How to debug Kubernetes OOMKilled when the process is not using memory directly
We investigated the memory increase problem some time ago and learned a lot about JVM metrics. This happened again, we noticed several Java applications deployed in Kubernetes got the memory usage increasing gradually until it reached the memory limit, even after several times of increasing the memory limit, the usage can always hit above 90%, sometimes the container will be OOMKilled.
A normal process of investigating Java memory
We followed the way we did last time to analyze the memory usage,
Some figures first: container’s memory limit (12 Gi); container’s memory usage (11 Gi)
- check the JVM memory usage
We checked the Java process memory usage (3 Gi) and it was way lower than the app container memory usage (11 Gi)
The Java process was the main process running in the container, no other processes were consuming memory. - native memory tracking
We thought NMT can help us find some native memory leak, so we enabled the native memory tracking and checked different regions, all looked normal.
emmm, what do we miss?
Start from the beginning
Which memory are we talking about
Kubernetes will kill the container when it runs out of its memory limit, the metrics it uses are container_memory_working_set_bytes
& container_memory_rss
, the container will be killed if either of them exceeds the memory limit.
What’s in it
According to the metric collector cadvisor,
container_memory_rss
: The amount of anonymous and swap cache memory (includes transparent hugepages).working_set_bytes
: The amount of working set memory, this includes recently accessed memory, dirty memory, and kernel memory. Working set is <= “usage”. Units: Bytes.

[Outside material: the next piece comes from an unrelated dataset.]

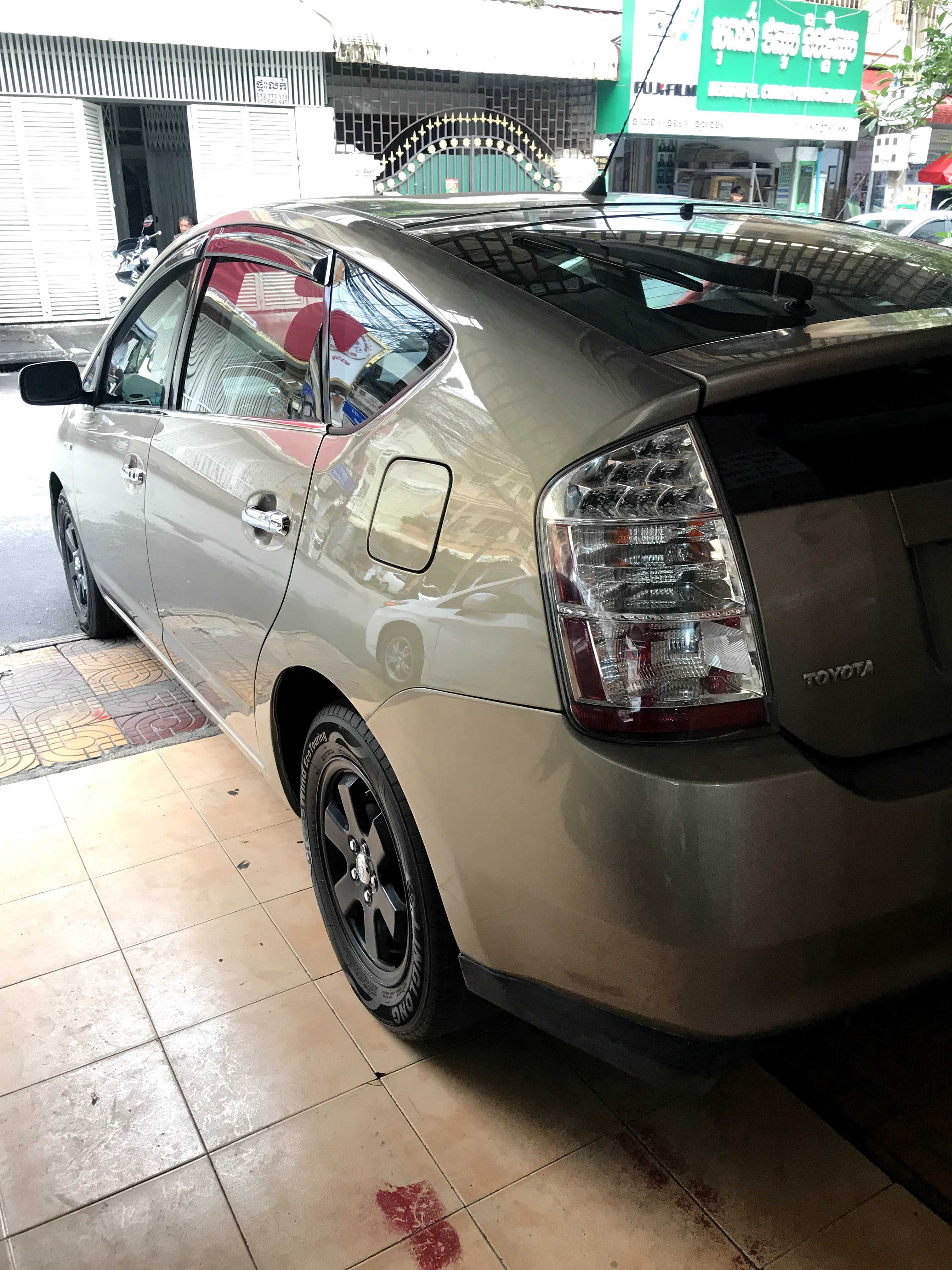 តូយ៉ូតា Prius 2007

cadvisor’s code:working_set_bytes = usage_in_bytes - memoryStat.inactive_file
cadvisor fetches this data from the cgroup memory stats in each container’s /sys/fs/cgroup/memory
folder, the lwn.net explains this data well.
1 | memory.usage_in_bytes # show current memory(RSS+Cache) usage. |
Based on this, the working_set_bytes
contains the page cache
and memory_rss
, we went to the container and printed the memory stats.

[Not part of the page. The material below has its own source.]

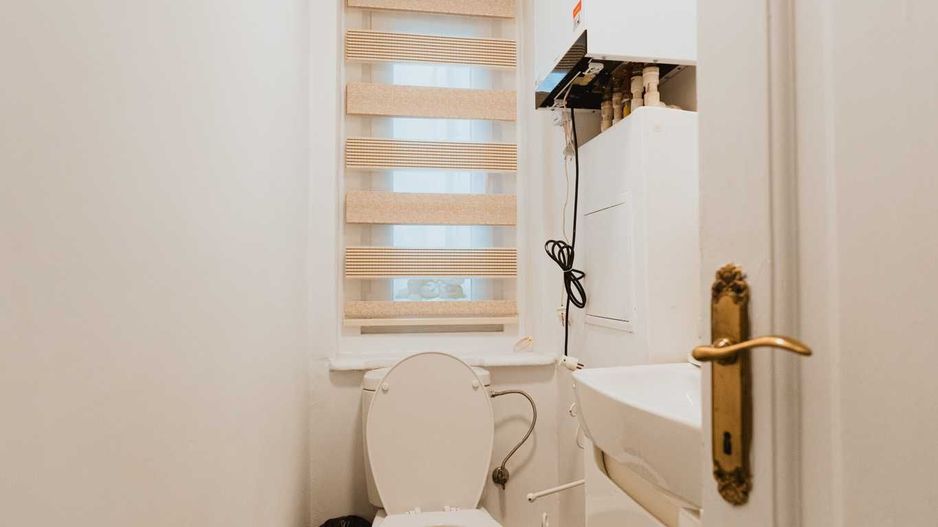 Apartament - clasic - Calea Victoriei 3+1 camere - Poză 8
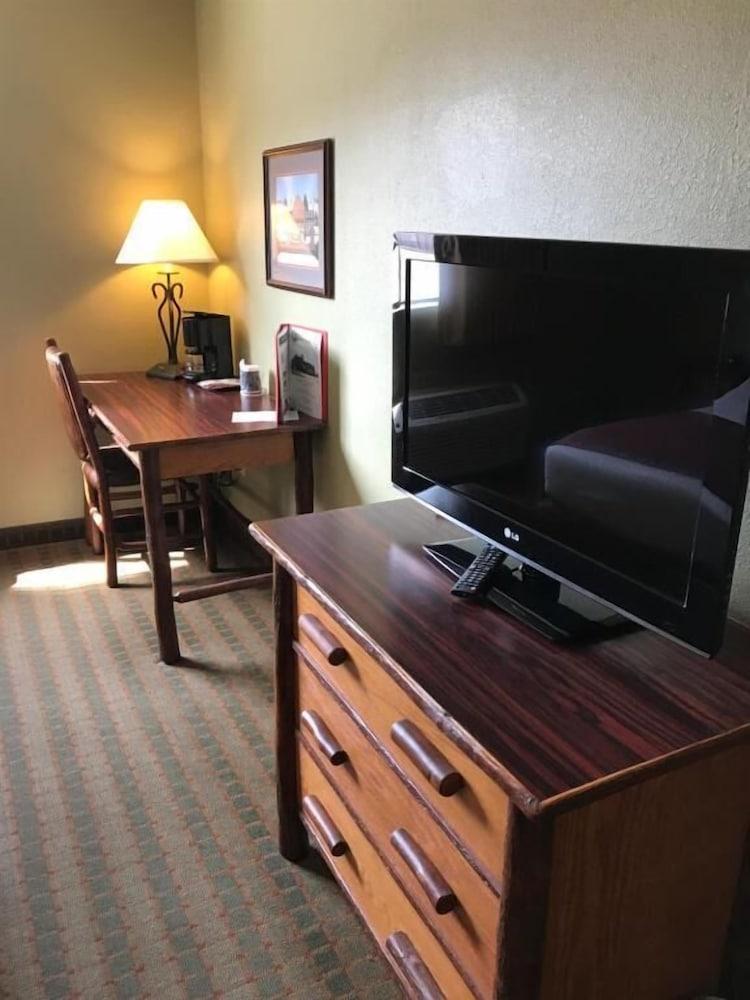 Santas Lodge and Resort photo 6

1 | bash-4.2$ cat /sys/fs/cgroup/memory/memory.stat |
The page cache
(cache) consumed almost 9 Gi memory, after excluding the total_inactive_file
(~480Mi), it’s above 8 Gi.
Page cache is allocated by the operating system to improve the performance of disk I/O, after some investigation, we found we had a big file written by the app without file rotation, at that moment, it reached 100Gi.

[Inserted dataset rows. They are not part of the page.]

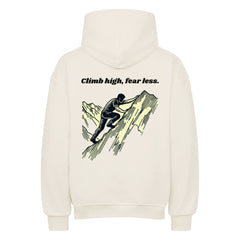 Der MarketPrint Oversized Hoodie "Climb High" ist ein cremefarbener Kapuzenpullover mit einer Bergsteiger-Illustration und dem Aufdruck "Climb high, fear less." über dem Bild auf dem Rücken.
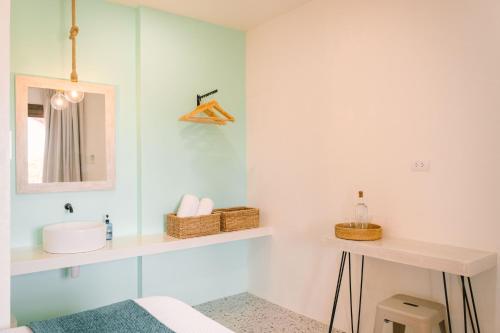 W łazience znajduje się umywalka i lustro. w obiekcie BIG WAVES BOUTIQUE HOTEL SIARGAO w mieście General Luna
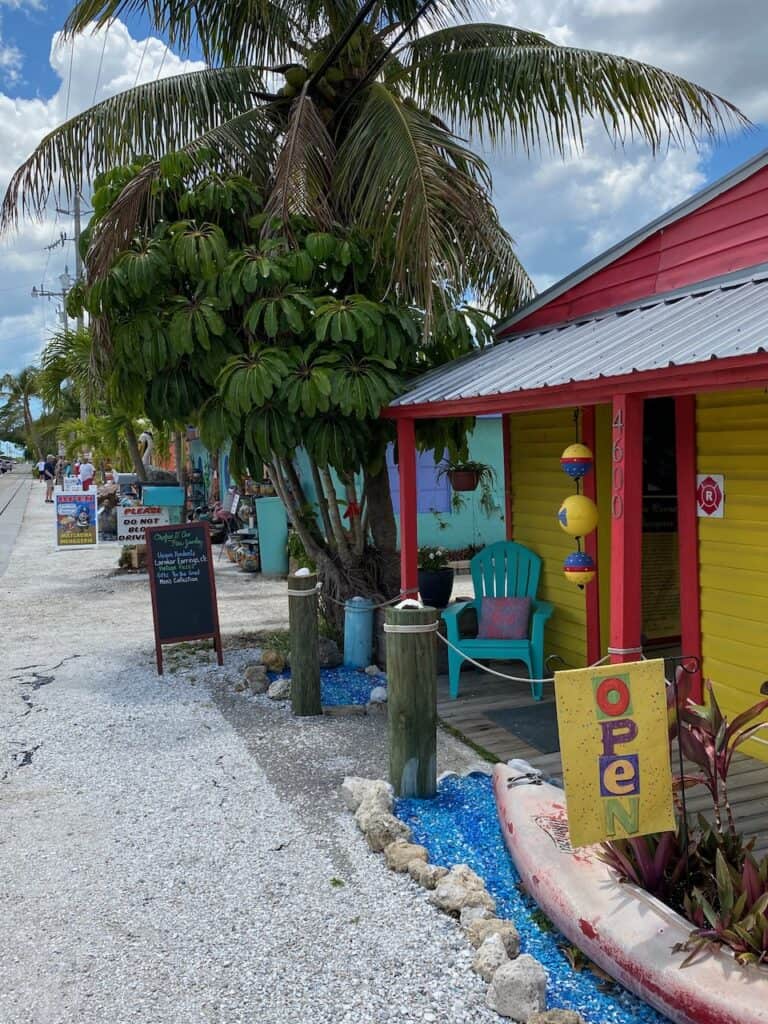 best Matlacha restaurants for BBQ - next door are these shops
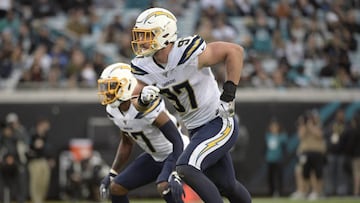 El mayor de los hermanos Bosa ha firmado una extensión de contrato con los 'Bolts' y de acuerdo con los reportes, sería el defensivo mejor pagado de la NFL.
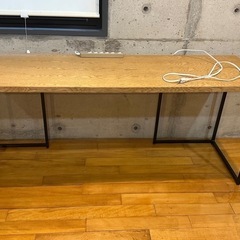 電源付きデスク【引取り限定】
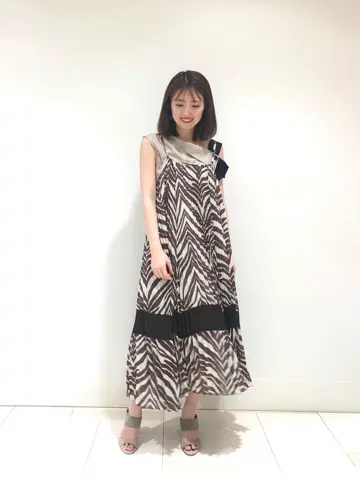 GRACE CONTINENTAL minami コーディネート画像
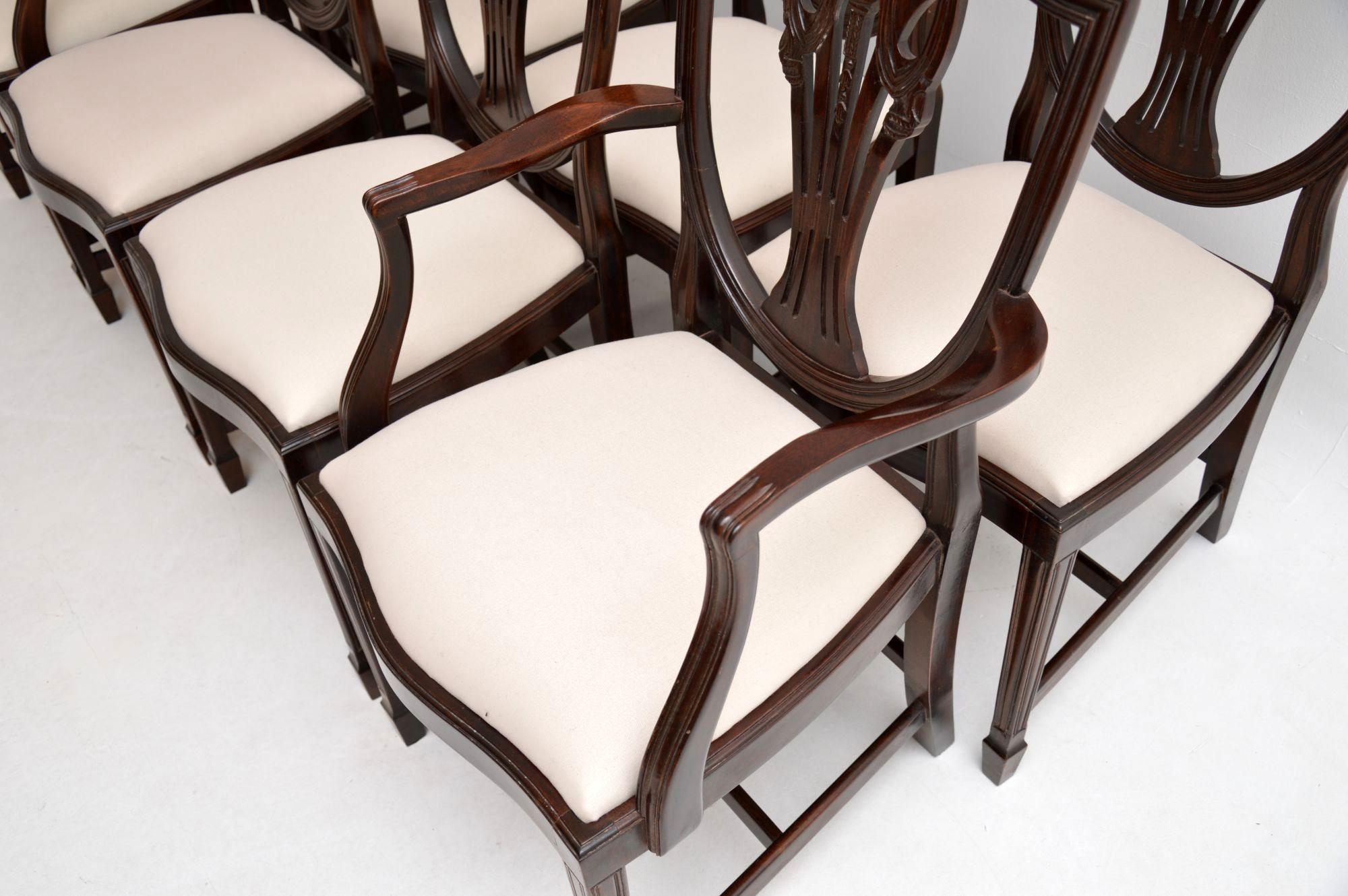 Set of 8 Antique Sheraton Style Mahogany Shield Back Dining Chairs 4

We truncated that file and the page cache dropped down to tens of megabytes.
A thorough check routine
This is the complete memory layout we have now, based on this, a thorough check routine will be
- Find a pod with the issue, get the metrics
- memory_usage_bytes
- working_set_bytes
- memory_rss_bytes
- Check if the file cache (working_set_bytes - memory_rss_bytes) is high
working_set_bytes - memory_rss_bytes
is the active page cache size, if it’s above hundreds of MBs or several GBs, it means I/O is quite heavy and OS improves it by caching file. Sometimes, it’s reasonable but usually you need to check if it’s what you expect. - Check if the rss is equal to memory usage
If so, check the application metrics instead, JVM metrics, Golang metrics etc.
Otherwise, things are interesting again …
Conclusion
Now we know page cache can be an important contributor to the memory increase, therefore we need to monitor the page cache size.
In Cadvisor, it’s container_memory_working_set_bytes - container_memory_rss
, when the application is I/O intensive, the page cache can be high because the OS tries to improve the I/O efficiency, but for CPU intensive applications, take care of those unnecessary page cache.